> _Task prompt_: Can you copy out the data exactly? Leave the images out.

> _Records supplied_:
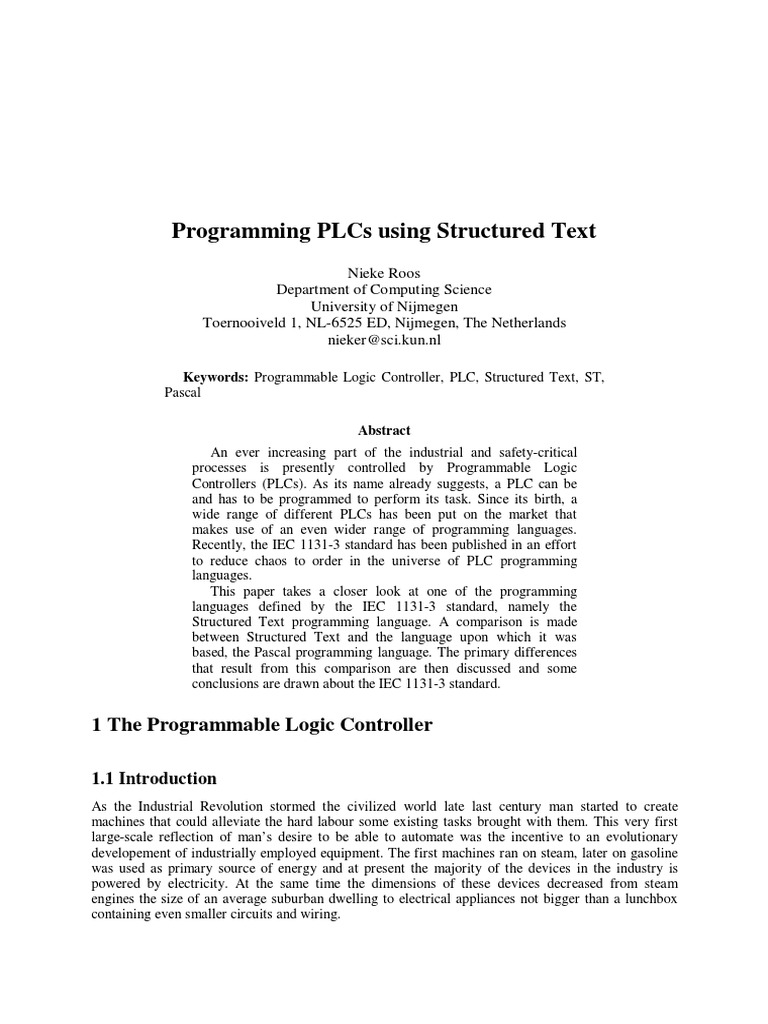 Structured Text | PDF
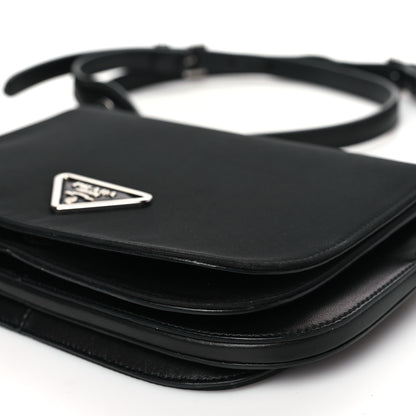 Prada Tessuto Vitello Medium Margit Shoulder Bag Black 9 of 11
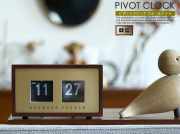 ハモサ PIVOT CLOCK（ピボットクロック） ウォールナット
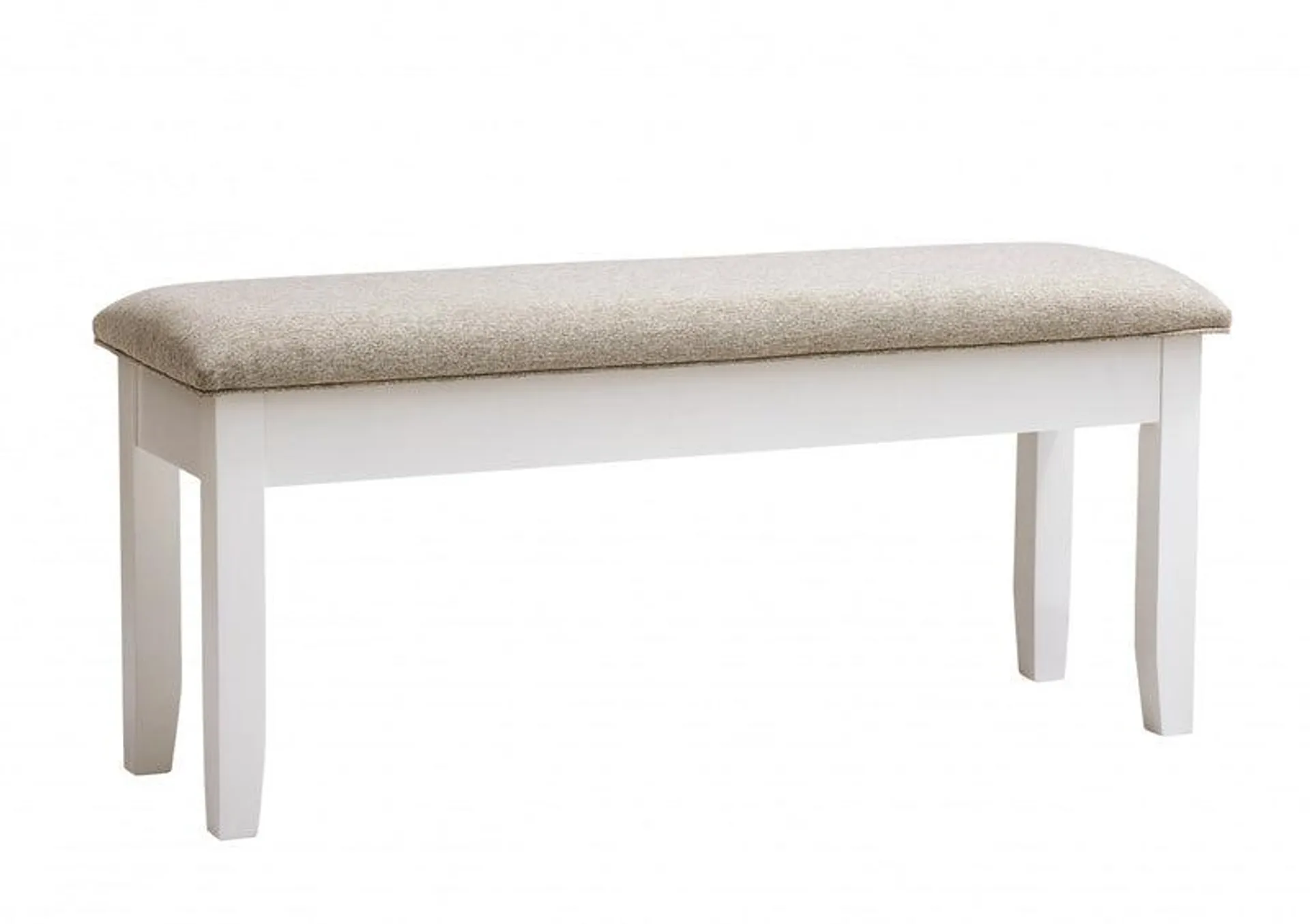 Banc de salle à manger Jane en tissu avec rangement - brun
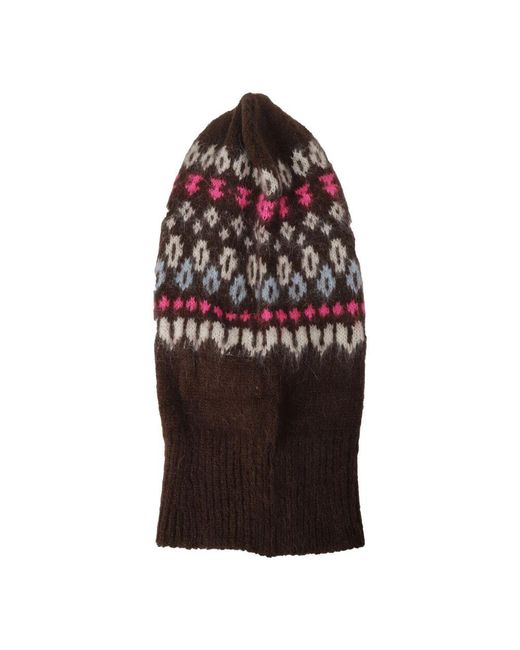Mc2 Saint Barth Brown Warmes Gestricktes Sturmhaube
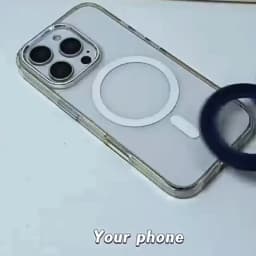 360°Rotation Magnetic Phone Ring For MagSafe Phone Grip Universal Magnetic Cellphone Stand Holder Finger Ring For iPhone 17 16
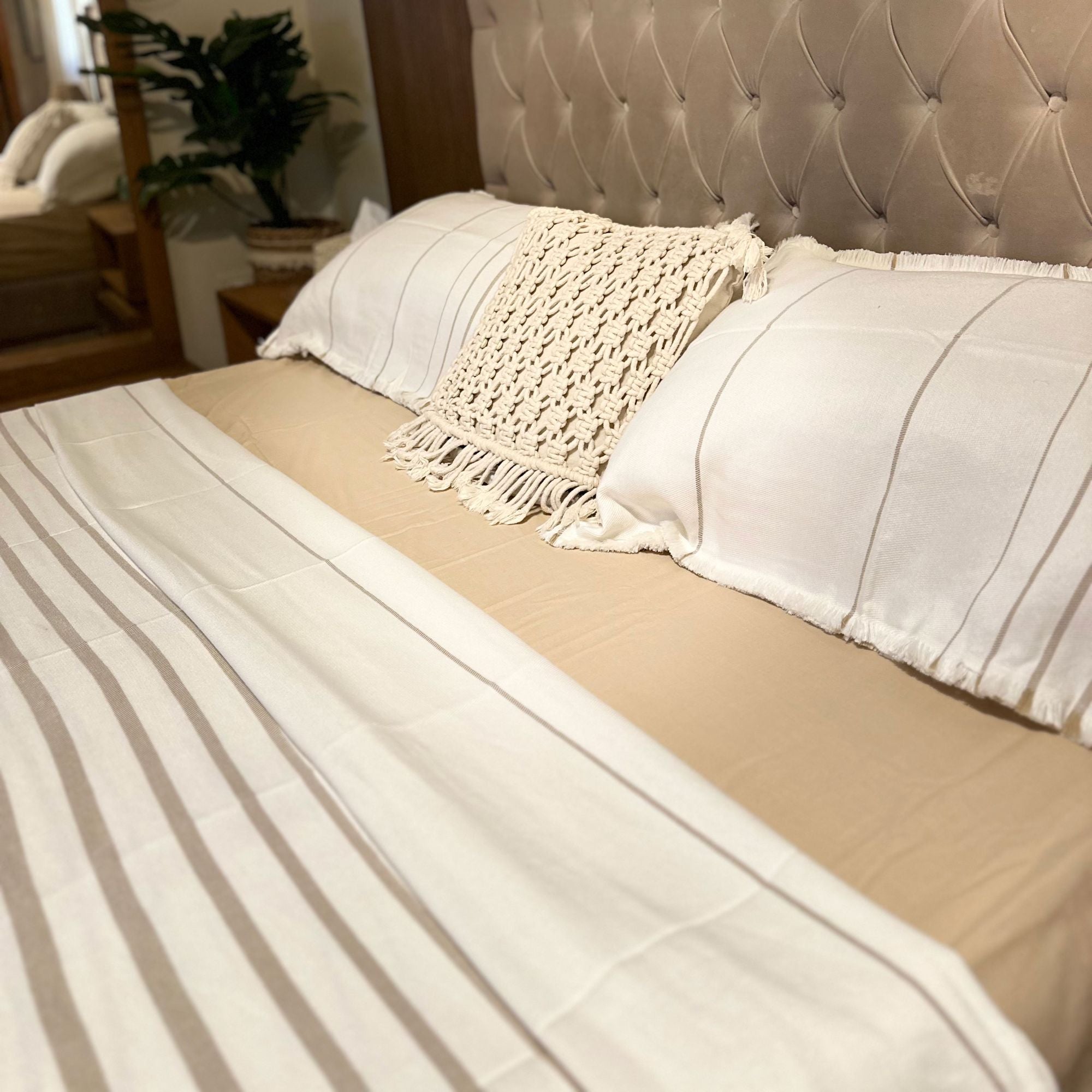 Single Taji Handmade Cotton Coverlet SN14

> _Answer to this task_:
 Structured Text | PDF
 Prada Tessuto Vitello Medium Margit Shoulder Bag Black 9 of 11
 ハモサ PIVOT CLOCK（ピボットクロック） ウォールナット
 Banc de salle à manger Jane en tissu avec rangement - brun
Mc2 Saint Barth Brown Warmes Gestricktes Sturmhaube
 360°Rotation Magnetic Phone Ring For MagSafe Phone Grip Universal Magnetic Cellphone Stand Holder Finger Ring For iPhone 17 16
 Single Taji Handmade Cotton Coverlet SN14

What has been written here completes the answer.